= Data below =
+++++

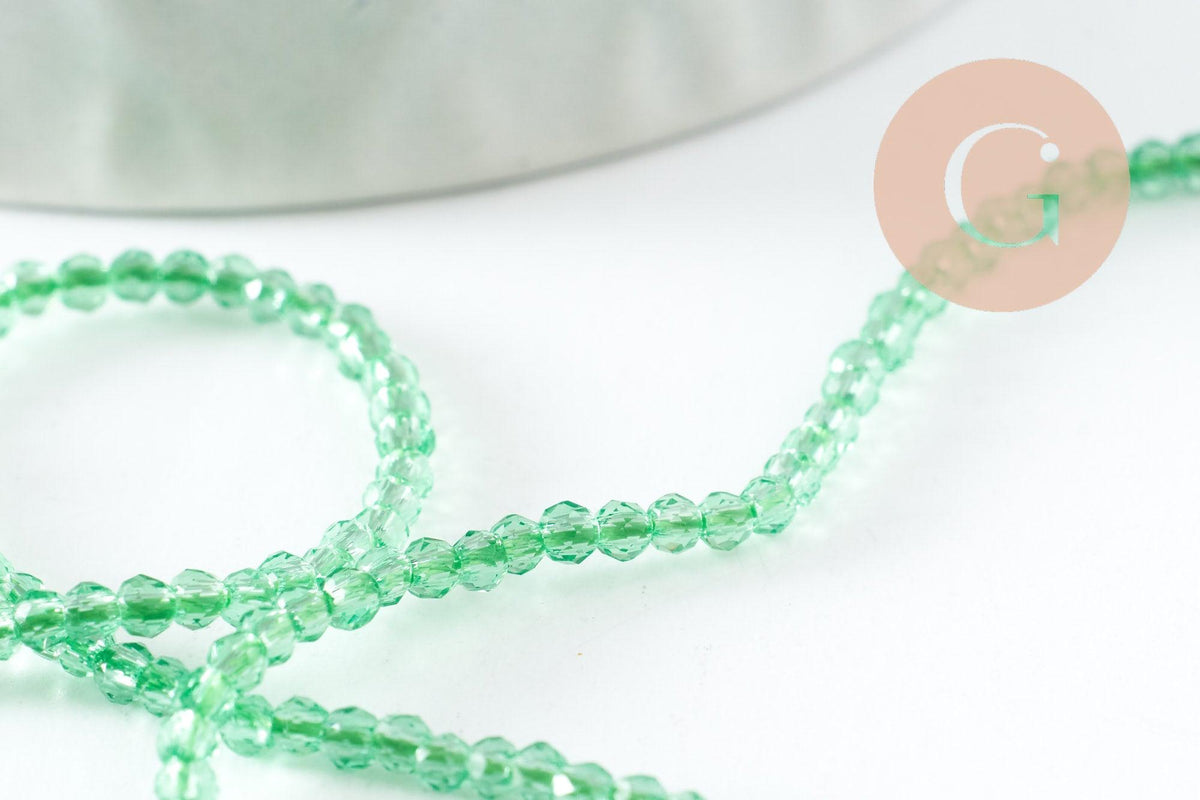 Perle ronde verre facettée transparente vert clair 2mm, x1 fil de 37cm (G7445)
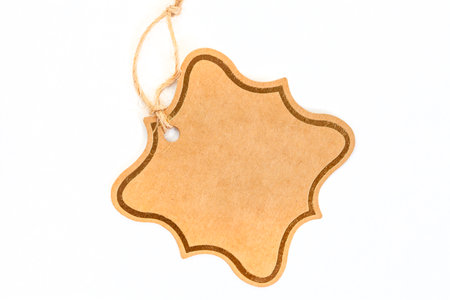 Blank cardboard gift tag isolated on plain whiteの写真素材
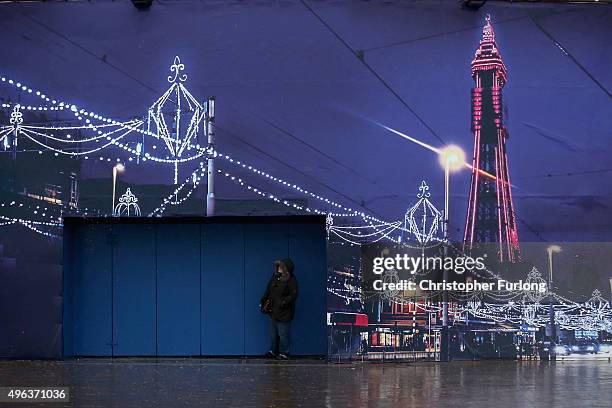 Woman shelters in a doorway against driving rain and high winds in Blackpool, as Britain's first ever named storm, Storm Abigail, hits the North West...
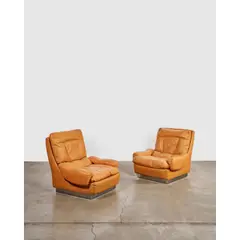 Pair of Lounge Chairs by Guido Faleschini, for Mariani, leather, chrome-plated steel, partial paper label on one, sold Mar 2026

+++++

= What the task requires =
After locating the line that holds "Woman shelters in", output exactly the lines from it through the last line of the material above, inclusive, without pictures.

= Response to this task =
 Woman shelters in a doorway against driving rain and high winds in Blackpool, as Britain's first ever named storm, Storm Abigail, hits the North West...
 Pair of Lounge Chairs by Guido Faleschini, for Mariani, leather, chrome-plated steel, partial paper label on one, sold Mar 2026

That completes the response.